▸ PROBLEM TO SOLVE: Every line that holds the word "Lights" needs to be copied from the data below.

+++ PROVIDED DATA +++

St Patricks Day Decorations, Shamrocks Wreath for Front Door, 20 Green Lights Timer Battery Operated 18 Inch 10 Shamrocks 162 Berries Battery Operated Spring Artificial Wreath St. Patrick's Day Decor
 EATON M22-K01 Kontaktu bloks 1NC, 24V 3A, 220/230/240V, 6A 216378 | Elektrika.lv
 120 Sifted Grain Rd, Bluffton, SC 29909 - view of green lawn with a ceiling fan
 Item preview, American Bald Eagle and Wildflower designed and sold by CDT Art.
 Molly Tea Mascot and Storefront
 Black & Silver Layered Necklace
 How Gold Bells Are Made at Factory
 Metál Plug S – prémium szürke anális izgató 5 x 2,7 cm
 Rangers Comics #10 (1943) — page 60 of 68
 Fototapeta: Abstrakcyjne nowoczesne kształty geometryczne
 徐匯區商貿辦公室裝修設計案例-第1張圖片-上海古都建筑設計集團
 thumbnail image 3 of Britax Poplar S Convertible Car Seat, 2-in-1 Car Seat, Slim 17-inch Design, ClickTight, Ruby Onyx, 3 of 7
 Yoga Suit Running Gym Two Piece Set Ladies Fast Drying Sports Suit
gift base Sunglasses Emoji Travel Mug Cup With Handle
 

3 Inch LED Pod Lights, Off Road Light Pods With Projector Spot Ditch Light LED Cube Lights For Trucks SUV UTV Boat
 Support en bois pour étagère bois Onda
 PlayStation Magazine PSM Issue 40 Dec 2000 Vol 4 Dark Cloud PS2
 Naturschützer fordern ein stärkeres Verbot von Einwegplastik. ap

+++

▸ PROBLEM SOLUTION:
St Patricks Day Decorations, Shamrocks Wreath for Front Door, 20 Green Lights Timer Battery Operated 18 Inch 10 Shamrocks 162 Berries Battery Operated Spring Artificial Wreath St. Patrick's Day Decor
3 Inch LED Pod Lights, Off Road Light Pods With Projector Spot Ditch Light LED Cube Lights For Trucks SUV UTV Boat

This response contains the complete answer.